Cette lettre fut lue par Jean-Claude ACQUAVIVA devant un auditoire que je suppose corse. Je vous propose de vous intéresser durant quelques minutes à la rencontre, par delà la mort, de deux grands écrivains. La voix si prenante d'un des animateurs d'A FILETTA confère à ce texte magnifique une dimension quasi sur-humaine.
Cliquez ci-dessous.
 
 
"S'agapo" de Renzo BIASION (La fosse aux ours). Voilà une série de somptueux récits publiés à Turin en 1953. Traduits par François Maspero. Des récits dont je ne me défais pas depuis que j'ai refermé le livre. Des récits qui narrent le quotidien de militaires italiens lors de l'occupation d'une partie du territoire grec durant la seconde guerre mondiale. Des récits qui installent les exilés dans l'univers qu'ils sont sensés investir, mais dont ils s'accommodent, au sein duquel ils survivent tant bien que mal. Des malgré eux, en quelque sorte. Empêtrés dans une guerre qui n'est pas la leur. Parmi des paysages qui rappellent l'origine de notre monde et que Biason décrit à la façon du peintre qu'il fut. Voilà une oeuvre, une oeuvre authentique, qu'il importe de sortir de l'anonymat.
 
 
"Le ciel n'attend pas" de Tawni O'DELL (Belfond). Mon côté midinette. Atteindre aux dernières phrases, aux derniers mots d'un  roman, des larmes plein les yeux. Se reprocher: "Tu t'es laissé berner!" Eponger le trop plein. Puis  réfléchir. Pour enfin reconnaître qu'il se dégage de ce roman-là quelque chose d'exceptionnel. En dépit des ficelles, d'une intrigue aux rebondissements prévisibles. L'exceptionnel occupe tout l'espace que Tawni O'DELL concède aux humbles, aux damnés de la terre. En l'occurrence des mineurs de Pennsylvanie.

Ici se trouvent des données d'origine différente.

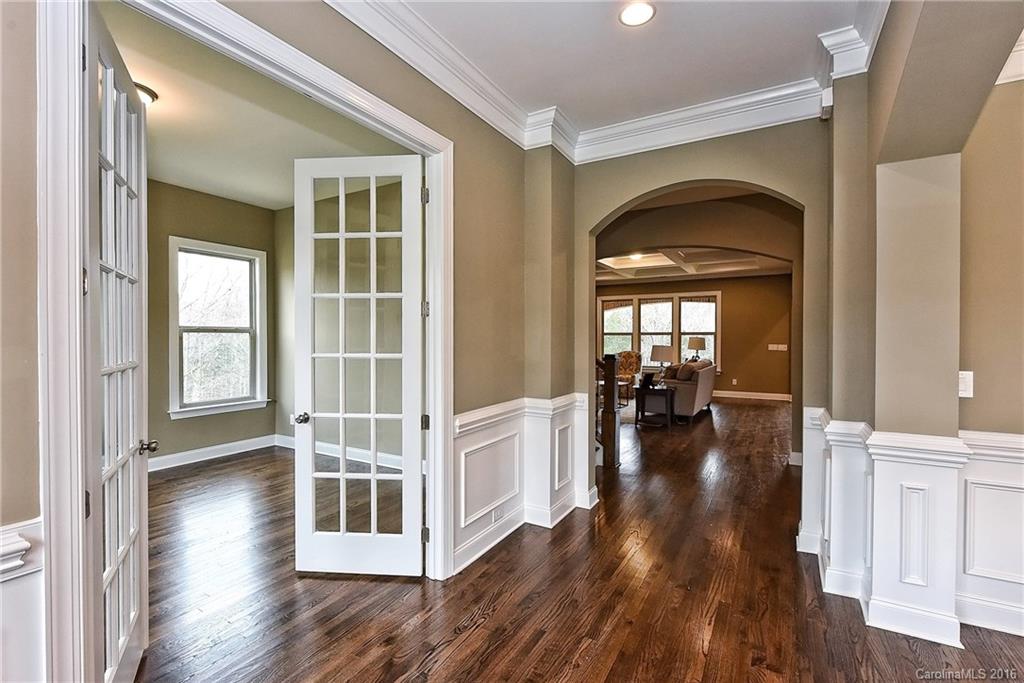 8069 Clems Branch Road Indian Land, SC 29707 - Photo 3 of 24 a view of a livingroom with wooden floor and white walls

L'auteure prend leur parti, leur manifeste un respect désentravé de toute condescendance. En y greffant toute la violence qui ne se contient pas, qui ne s'accepte pas. La voix d'une femme pour hurler à la face des nantis d'incompressibles colères, pour dénoncer les injustices, l'hypocrisie. Un roman utile, un roman de la révolte, un roman d'une humanité qui résiste.
 
 
"La désobéissance" de Naomi ALDERMAN (L'Olivier). Ou plutôt la transgression? Une jeune juive exilée à New York s'en revient à Londres où son père, rabbin, vient de décéder. L'immersion dans une communauté juive orthodoxe fait renaître le souvenir de cette transgression. Il n'est ni regrets ni remords. Bien au contraire. L'héroïne persiste, au grand dam de cette société figée. Une société qui n'a de cesse de la renvoyer d'où elle vient. Le tableau que brosse Naomi Alderman foisonne de détails qui suggèrent la répulsion. Ne m'aura déçue que la conclusion qui renvoie, tout à coup, à d'étranges concessions. Même s'il s'agit d'affirmer l'appartenance à une culture. Avec, en filigrane, tout ce qu'elle implique pour une femme.
 
 
"Corniche Kennedy" de Maylis de Kerangal (Verticales). Le convenu de l'intrigue, proche du polar. Le gros et vieux flic désabusé. Les politiciens pourris. Les mômes des cités et d'ailleurs, dont les différences sont moins voyantes qu'il n'y paraît. Le tout cousu de fil blanc. Mais.... Car il y a un mais. L'intrigue a pour cadre Marseille. Et chaque fois que Maylis de Kerangal évoque Marseille, la touche est juste. La ville. Son ciel. Son climat. Ses ambiances. Le tout avec précision, concision, mais aussi avec tendresse, aces passion. Ce qui rend attachant ce drôle de roman!
 
 
"Qui trop embrasse" de Judith BERNARD (Stock). Le monde effrayant de l'université. Les clans. Les guerres intestines. Désirs et répulsions. Le tout observé par une jouvencelle qui met du temps à se déniaiser. Oeuvrette franchouillarde qui ne parvient même pas à atteindre au règlement de compte à l'encontre de l'institution.

André Blanchemanche ( en lien ici dans "le palavazouilleux)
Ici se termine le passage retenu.